The 2019 Great Dimming was caused by a dust cloud formed from ejected surface material, not by any change in the stellar interior. The discovery of companion star Siwarha in 2025 revised the supernova timeline from possibly decades to likely hundreds of thousands of years, by demonstrating that the 2,100-day brightness cycle is driven by binary interaction rather than internal core evolution.

When the explosion occurs, it will be visible in the daytime sky, will cast soft shadows at night, will pose no physical danger to Earth, and will leave a permanent gap in Orion. Neutrino detectors will provide hours of warning before the light arrives. The light itself will fade over months. The nebula that forms will expand for millennia before dissipating into the interstellar medium.

The star that has been in every human sky since before any surviving record of sky-watching will, at some point, not be there. The physics that governs this has been understood in outline for decades, and recent observations have refined the timeline considerably. What cannot be refined is the fact of it. Betelgeuse will go. The only genuinely open question is when.

[1] Harper, G. M. et al. (2017). "An Updated 2017 Astrometric Solution for Betelgeuse." The Astronomical Journal, 154(1). Direct imaging and astrometric data establishing distance and angular diameter from which physical radius is derived.

[2] Woosley, S. E., Heger, A., and Weaver, T. A. (2002). "The evolution and explosion of massive stars." Reviews of Modern Physics, 74(4), 1015. Canonical reference for massive star burning timescales.

[3] Chandrasekhar, S. (1931). "The Maximum Mass of Ideal White Dwarfs." The Astrophysical Journal, 74, 81. Original derivation of the mass limit for degenerate stellar cores.

[4] Janka, H.-T. (2012). "Explosion Mechanisms of Core-Collapse Supernovae." Annual Review of Astronomy and Astrophysics, 50, 107. Comprehensive review of neutrino-driven explosion mechanism and shockwave revival.

[5] Montarges, M. et al. (2021). "A dusty veil shading Betelgeuse during its Great Dimming." Nature, 594, 365-368. Peer-reviewed confirmation of the dust explanation for the 2019 dimming event.

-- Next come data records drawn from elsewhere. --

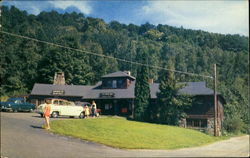 Trading Post And U. S. Office, Candlewood Lake Postcard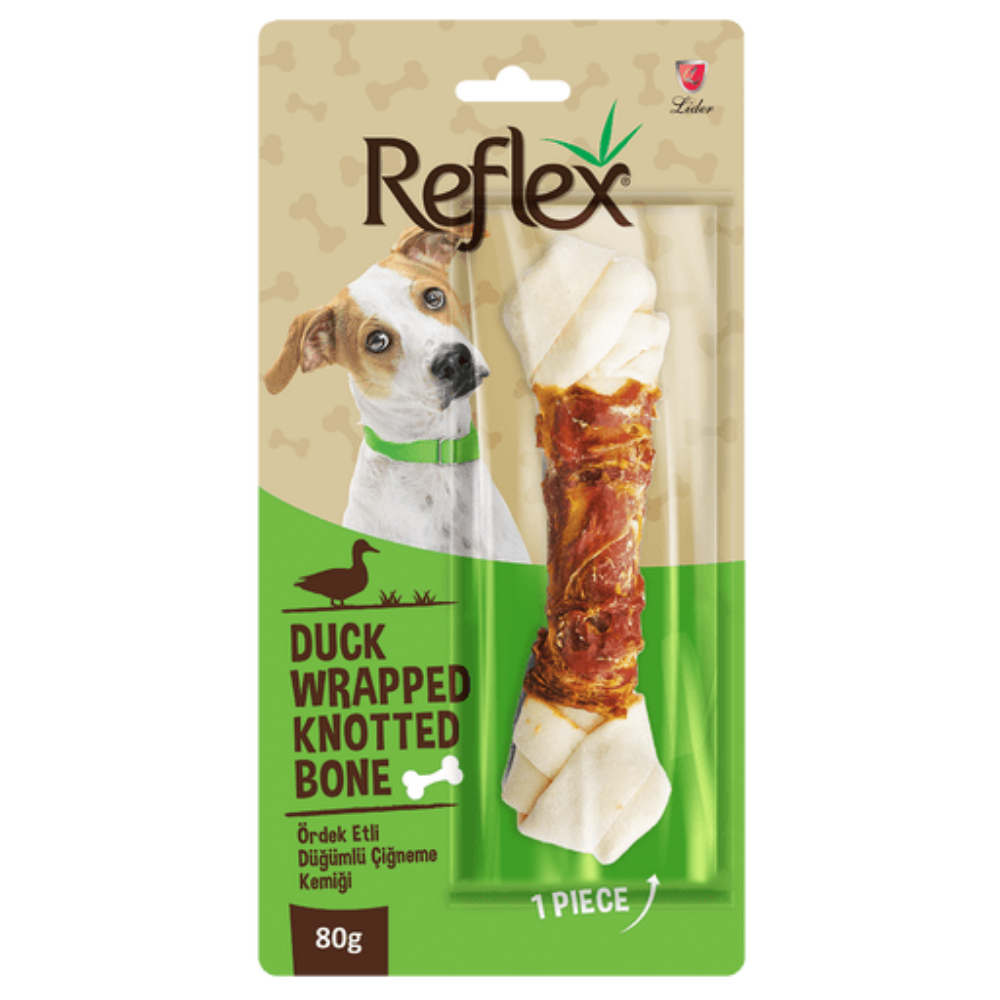 Reflex Ördek Etli Düğüm Kemik 80gr.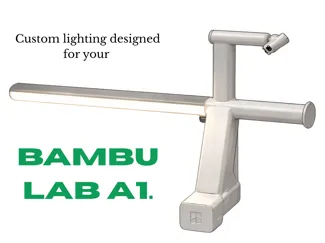 Barra de LED BambuLab A1 (suporte led)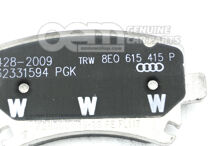 1 készlet fékbetét tárcsafékhez 8E0698451J (1)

[6] Howell, S. B. et al. (2025). "The Probable Direct-Imaging Detection of the Stellar Companion to Betelgeuse." The Astrophysical Journal Letters, July 2025. Confirmation of Siwarha via speckle imaging with Gemini North 'Alopeke instrument.

[7] The distance modulus $m - M = 5 \log_{10}(d / 10\,\text{pc})$ applied at $d \approx 200\,\text{pc}$ with an assumed absolute magnitude of $M \approx -17$ gives apparent magnitude near $-12$. Estimates vary based on ejecta mass and nickel-56 yield, which are model-dependent prior to the actual event.

[8] Gehrels, N. et al. (2003). "Ozone depletion from nearby supernovae." The Astrophysical Journal, 585, 1169. Establishes the 25-50 light-year danger threshold for atmospheric ozone impact from supernova radiation.